Vincent Le Guilloux, Peter Schmidtke and Pierre Tuffery, "Fpocket: An open source platform for ligand pocket detection", BMC Bioinformatics, 2009, 10:168

Peter Schmidtke, Xavier Barril "Understanding and Predicting Druggability. A High-Throughput Method for Detection of Drug Binding Sites", J. Med. Chem., 2010, 53 (15), pp 5858–5867

instructions to download and install fpocket can be found HERE

Current version of targetDB works with fpocket3

targetDB will not be able to perform pocket search on windows as fpocket is not available on windows platform

System compatibility

  • Linux
  • Windows*

*Binding pocket search is not possible on Windows (see comment above)

Usage

targetDB package provides two command-line tools target_DB and target_REPORT

target_DB

target_DB is the command used to generate/fill a targetDB database that can then be used in the report mode. If you don't want to use this mode you can download a pre-filled database and use it to generate reports

Pre-filled databases will be generated when major updates of datasources are available

Here are the flag available:

One of the three following option is required:
        -g : enter a single gene name
        -i : Name of the input file with a list of genes (.txt - 1 gene per line)
        -l : Enter a list of gene name separated by a ","

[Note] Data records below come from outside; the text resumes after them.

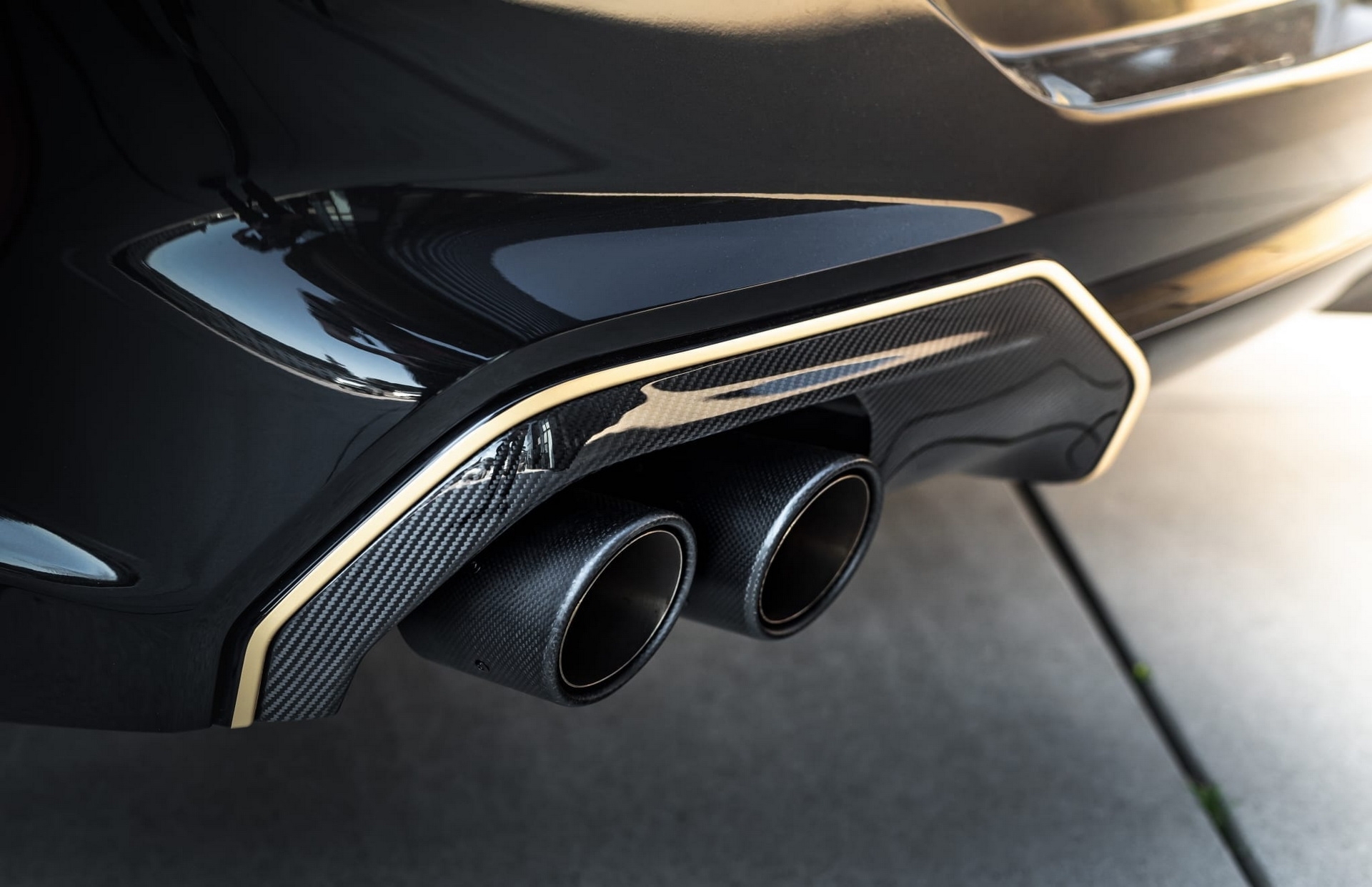 ban do bmw m8 nhanh nhat the gioi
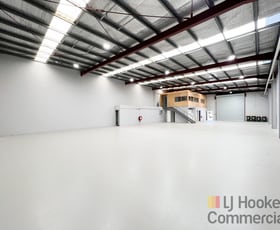 Factory, Warehouse & Industrial commercial property leased at 1/7 Bonnal Road Erina NSW 2250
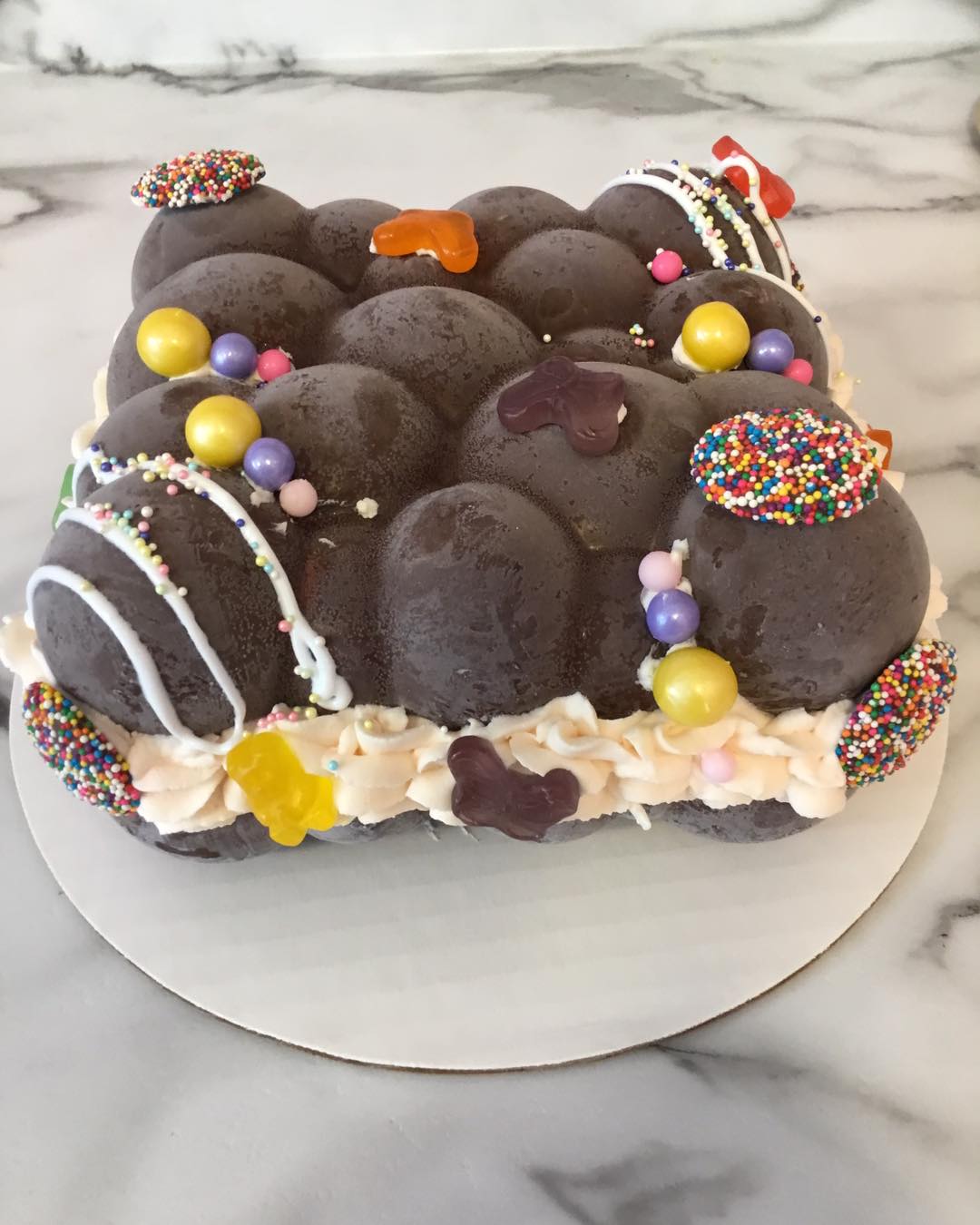 Ice Cream (Cove Creamery)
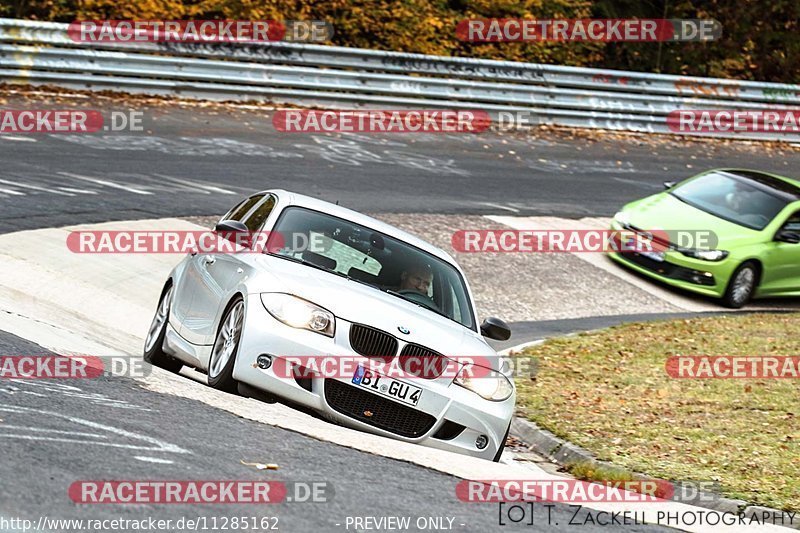 Bild #11285162 - Touristenfahrten Nürburgring Nordschleife + GP Strecke (24.10.2020)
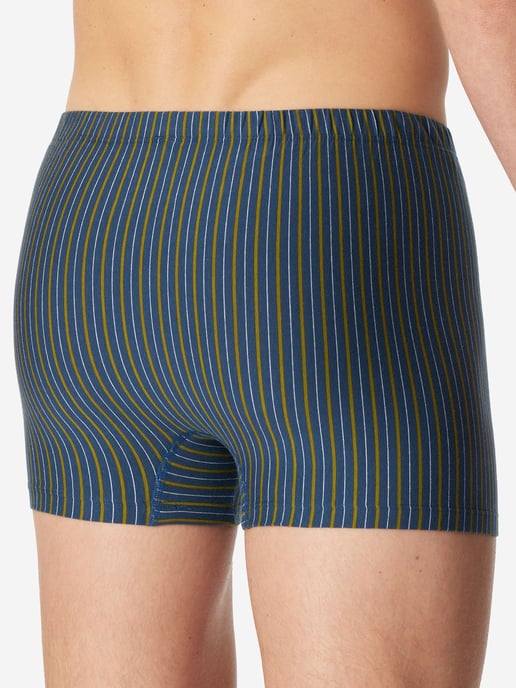 Schiesser Herren Trunk 955Unterhose, Unterwäsche, Boxer Trunk - Image 3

        -update : Update record if already in database (default: No)
        -blastcore : Enter the value of processor core to use for the blast search (default=8)

        -v : Print detailed information in the terminal

        -update_config : use this if you want to update the config file

        -create_db : Use this option to generate an empty targetDB database (file name = TargetDB_Day_Month_Year.db)

When using target_DB for the first time you will be asked to enter information about:

  • ChEMBL sqlite database file
  • targetDB sqlite database file (not asked if you use the -create_db flag)
  • path to blast
  • path to fpocket
  • folder to store database files (PDB files/Blast XML/Pockets) /!\ This folder can occupy a lot of space /!\
  • email address (used for pubmed searches if none provided no pubmed search will be run)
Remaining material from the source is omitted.